(EXERCISE INSTRUCTIONS) Each line of the data below from the one holding "Стеклоблок инка молочный" to the one holding "Figurine Échos effet bois sculpté", inclusive, is to be reproduced exactly; no other line belongs in the answer.

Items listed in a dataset
BEGIN

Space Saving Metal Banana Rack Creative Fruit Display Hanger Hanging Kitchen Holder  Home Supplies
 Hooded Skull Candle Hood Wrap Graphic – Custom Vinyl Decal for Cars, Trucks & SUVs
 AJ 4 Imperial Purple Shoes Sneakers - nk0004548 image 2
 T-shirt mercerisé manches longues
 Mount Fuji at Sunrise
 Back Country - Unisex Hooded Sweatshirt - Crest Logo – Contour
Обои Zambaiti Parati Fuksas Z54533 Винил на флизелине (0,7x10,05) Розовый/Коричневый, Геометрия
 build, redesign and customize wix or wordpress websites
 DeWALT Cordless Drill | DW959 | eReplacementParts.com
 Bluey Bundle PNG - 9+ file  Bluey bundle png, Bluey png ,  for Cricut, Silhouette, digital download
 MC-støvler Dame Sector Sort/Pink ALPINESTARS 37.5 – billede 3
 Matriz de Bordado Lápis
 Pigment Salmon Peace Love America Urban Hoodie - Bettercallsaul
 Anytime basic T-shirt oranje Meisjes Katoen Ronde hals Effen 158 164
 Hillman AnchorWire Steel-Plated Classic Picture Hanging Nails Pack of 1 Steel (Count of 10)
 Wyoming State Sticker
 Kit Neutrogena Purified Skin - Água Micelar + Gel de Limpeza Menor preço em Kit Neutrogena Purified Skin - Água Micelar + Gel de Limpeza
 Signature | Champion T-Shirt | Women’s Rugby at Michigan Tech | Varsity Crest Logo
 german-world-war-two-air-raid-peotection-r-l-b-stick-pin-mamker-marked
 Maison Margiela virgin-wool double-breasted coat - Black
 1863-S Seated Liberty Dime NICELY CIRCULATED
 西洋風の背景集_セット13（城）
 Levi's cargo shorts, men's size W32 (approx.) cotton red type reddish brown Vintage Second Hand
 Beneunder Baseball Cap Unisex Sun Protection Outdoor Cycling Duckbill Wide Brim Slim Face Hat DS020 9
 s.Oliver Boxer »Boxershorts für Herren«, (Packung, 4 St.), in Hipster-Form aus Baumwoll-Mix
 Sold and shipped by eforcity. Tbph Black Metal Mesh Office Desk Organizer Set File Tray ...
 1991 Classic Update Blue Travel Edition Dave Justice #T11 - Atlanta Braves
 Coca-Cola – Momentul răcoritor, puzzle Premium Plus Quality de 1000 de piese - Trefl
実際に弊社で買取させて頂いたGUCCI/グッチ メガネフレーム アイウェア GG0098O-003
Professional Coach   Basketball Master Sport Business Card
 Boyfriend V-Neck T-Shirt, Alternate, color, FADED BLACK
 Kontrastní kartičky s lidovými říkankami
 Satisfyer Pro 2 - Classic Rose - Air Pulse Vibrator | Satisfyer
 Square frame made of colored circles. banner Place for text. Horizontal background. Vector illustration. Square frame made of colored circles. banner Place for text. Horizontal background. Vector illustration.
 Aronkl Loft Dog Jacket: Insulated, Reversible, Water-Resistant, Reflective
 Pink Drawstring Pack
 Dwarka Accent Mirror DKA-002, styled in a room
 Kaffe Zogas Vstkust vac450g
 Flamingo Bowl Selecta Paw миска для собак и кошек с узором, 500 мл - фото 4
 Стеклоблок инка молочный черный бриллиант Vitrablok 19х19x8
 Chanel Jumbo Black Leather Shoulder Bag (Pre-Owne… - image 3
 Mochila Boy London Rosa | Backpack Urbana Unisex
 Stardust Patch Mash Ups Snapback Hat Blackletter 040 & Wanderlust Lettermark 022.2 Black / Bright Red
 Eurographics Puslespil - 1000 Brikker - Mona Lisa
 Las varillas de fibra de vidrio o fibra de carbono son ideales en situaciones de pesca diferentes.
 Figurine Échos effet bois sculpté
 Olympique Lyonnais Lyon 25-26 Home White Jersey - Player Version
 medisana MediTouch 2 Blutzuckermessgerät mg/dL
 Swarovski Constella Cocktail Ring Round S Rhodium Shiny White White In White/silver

END

(ANSWER BOX)
 Стеклоблок инка молочный черный бриллиант Vitrablok 19х19x8
 Chanel Jumbo Black Leather Shoulder Bag (Pre-Owne… - image 3
 Mochila Boy London Rosa | Backpack Urbana Unisex
 Stardust Patch Mash Ups Snapback Hat Blackletter 040 & Wanderlust Lettermark 022.2 Black / Bright Red
 Eurographics Puslespil - 1000 Brikker - Mona Lisa
 Las varillas de fibra de vidrio o fibra de carbono son ideales en situaciones de pesca diferentes.
 Figurine Échos effet bois sculpté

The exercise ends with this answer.